Marcelo “es un personaje que no tiene el acento puesto en la ropa y en un montón de cosas que en lo cotidiano mucha gente sí lo tiene”, explicó a la prensa Subiotto sobre su personaje.
Para Sbaraglia, “el máximo desafío fue aprender alemán, tocar el piano, aprender a cantar en francés”, dijo sobre su personaje, un hombre que cita a Kant en versión original sólo para impresionar.
La otra película en la Sección Oficial de ayer fue “Un amor”, de la española Isabel Coixet, basada en la novela de la popular escritora española Sara Mesa, que ve por primera vez llevada al cine una de sus obras.
El guión relta la historia de Nat, interpretada por la actriz Laia Costa (“Cinco lobitos”), una treintañera que se va a vivir a un pequeño pueblo rural escapando del agobio de la ciudad.
Ahí se topa con un casero poco comprensivo, la desconfianza de los vecinos y una propuesta sexual fría y atrevida de su vecino Andreas (Hovik Keuchkerian, ‘Bogotá’ en la serie “La casa de papel”) a cambio de arreglarle las goteras, que ella acepta y que acaba en una historia de pasión.
Parecería que desde que la pandemia de covid y sus estrictos confinamientos alimentaron la idea de irse a vivir al campo, el cine español se ha encargado de ir deconstruyendo historias de buenos sentimientos, lo que puede advertirse en películas como “As Bestas”, “Suro”, y ahora ésta de Isabel Coixet.
La película habla de “alguien que llega a un lugar, con ganas de integrarse y de estar bien... y todo termina mal”, resumió Coixet a la prensa tras la función, mientras que Laia Costa la describió como “un puñetazo en el estómago”.

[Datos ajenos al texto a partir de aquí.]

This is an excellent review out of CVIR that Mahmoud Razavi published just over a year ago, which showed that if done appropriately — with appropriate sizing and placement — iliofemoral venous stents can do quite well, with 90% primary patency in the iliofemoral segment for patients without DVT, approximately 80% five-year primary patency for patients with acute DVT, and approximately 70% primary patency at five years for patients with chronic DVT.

A los 63 años, Coixet, con más de 20 films realizados (entre ellos, “La vida secreta de las palabras”, “Mi vida sin mí”, “Elegía” y “Nadie quiere la noche”) y ocho premios Goya en su haber, no ha ganado nunca la Concha de Oro de San Sebastián, algo a lo que aspira.

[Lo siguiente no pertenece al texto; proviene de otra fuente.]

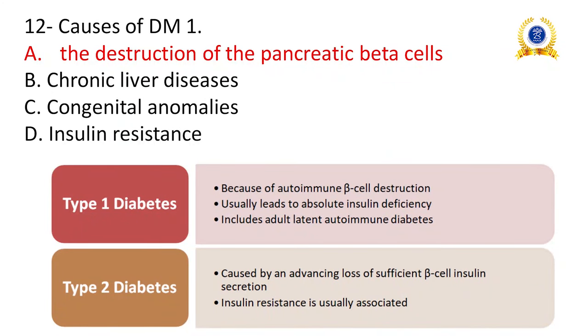Causes of DM1: the destruction of pancreatic beta cells which produce insulin, resulting in absolute deficiency of insulin. Complete destruction of beta cells is the main reason for DM1. DM2, diabetes mellitus type 2, is caused by advancing loss of sufficient beta cell insulin secretion, and insulin resistance is usually associated with it.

En la sección Horizontes Latinos, dedicada al cine latinoamericano, la propuesta de ayer también fue argentina: “Alemania”, de María Zanetti, sobre una adolescente entusiasmada con la posibilidad de irse un semestre al país europeo, algo a lo que se opone su familia. Se trata del primer largometraje de Zanetti, que había dirigido cortos y la serie televisiva “Gastro”.